Even while offering different alternative ideas, three of the witnesses weighed in with statements highly critical of the MFA.  Mr. Sutton stated that the MFA would “cripple our interstate commerce economy.”  Mr. Moylan said that the MFA “would undermine basic principles of sound tax policy, impose unequal collection burdens on businesses and constitute a substantial burden on interstate commerce.”  Former Congressman Cox called the MFA’s approach “fundamentally costly, discriminatory, and potentially unconstitutional.”

CCIA’s concerns with an MFA-type approach have centered on Chairman Goodlatte’s principles of Tech Neutrality and Simplicity.  The MFA clearly fails the test on Tech Neutrality by seeking to address a perceived “imbalance” in tax treatment between physical stores and remote sellers by overcompensating into a new imbalance by placing a much larger compliance burden on remote sellers.  And on Simplicity, Mr. Moylan commented that, “the sad fact is that state sales taxes today are more complex than ever,” while Congressman Cox declared that, “the actual simplifications achieved by the SSTP (Streamlined Sales Tax Project) are few – and not nearly sufficient to justify Congress abandoning its role in protecting interstate commerce.”  So the MFA would keep things simple for its supporters by saddling remote sellers with the onerous compliance requirements arising from an unsimplified system of 9,600 tax jurisdictions.  That is surely not what Chairman Goodlatte had in mind.

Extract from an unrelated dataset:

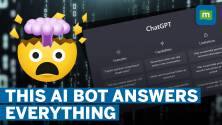 ChatGPT crosses one million users | This bot answers everything — what's this AI from Elon Musk?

This hearing was informative in that it highlighted the differences in opinion, not just on HOW to address the problem, but also on WHAT the problem is.  MFA supporters seem to see the problem only as remote sellers not collecting sales taxes, and the goal as forcing them to collect regardless of any adverse consequences to interstate commerce and innovation.  Technology has enabled online retailers to expand their customer base into new markets.  The benefits of innovation should not be negated in pursuit of a myopic and incomplete view of “fairness.” We have long argued that a more substantive debate than was conducted during the MFA’s rushed passage in the Senate was needed in the House.  Such a debate must broadly address the issue of how to craft a tax system that appropriately deals with new business models rather than forcing them to conform to the old.  CCIA appreciates Chairman Goodlatte’s leadership in kicking off that debate with this hearing.